By Coleen Burnett
Eatontown — It’s very common for people to say on Nov. 11 that Veterans Day should last more than a single day due to all we owe those who serve. Eatontown held multiple events to mark it, including a concert the week before, a parade the day before, and its annual Wampum Park ceremonies on Veterans Day.
The ceremonies on November 3 included a remembrance and a concert that was sponsored by the Eatontown Historical Society.
For the seventh consecutive year, the ceremony took place on the porch of the Historical Society’s house at 75 Broad Street. The speakers stood on the porch and remembered those who did not come home from war.
An Honor Garden, filled with American flags, graced the front lawn of the Museum. Each of the flags were tagged with the name of a veteran or someone who is currently on active duty in the armed forces.
The Garden has grown from about 50 flags to somewhere in the neighborhood of 200.
Phyllis Trask, the Chairperson of the Historical Commission, noted that many of the living veterans of World War II are now in their 80s and 90s. “They were ordinary people who responded to extraordinary times.”
“Thank you for answering the call to duty,” she said.
Everybody was then invited across the street to the Senior Center for a free concert by the Florian Schantz Jazz Combo, who played a series of songs that were popular in World War I.
On Nov. 10, the day before Veterans Day, a parade was held, marching down Broad Street.
This is the second year in a row Eatontown has held a parade.

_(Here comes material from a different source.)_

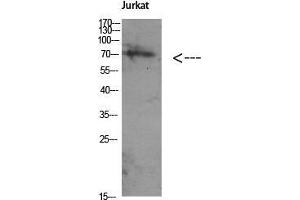 Western Blot (WB) analysis of Jurkat using Antibody diluted at 1:1000. (ATG16L1 anticorps  (Internal Region))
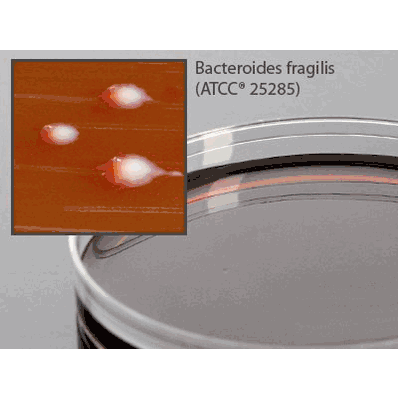 Prepared Media, 15 X 100 mm Mono-Plate Format LKV (Laked Sheep Blood, Kanamycin, Vancomycin) Agar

It included veterans, those serving, scouts, school marching bands, and many borough officials and departments.
At the Nov. 11 ceremony, Mayor Anthony Talerico said that Eatontown understood the importance of veterans, as the Fort Monmouth Army base operated here, and was a key part of the community.
“Eatontown is very lucky — we don’t just wave our flags and observe the military on TV, newspapers and social media posts. For nearly 100 years we lived alongside the men and women who made it happen,” he said. “Eatontown is a better and more diverse community because of the men and women who passed through those gates for one hundred years”.
The keynote speaker of the day was Col. Samuel Fuoco, who said those who served came from all walks of life.
“They did not go to war because they loved fighting. They were called to be part of something bigger than themselves. They were ordinary people who responded in ordinary ways in extreme times,” he said.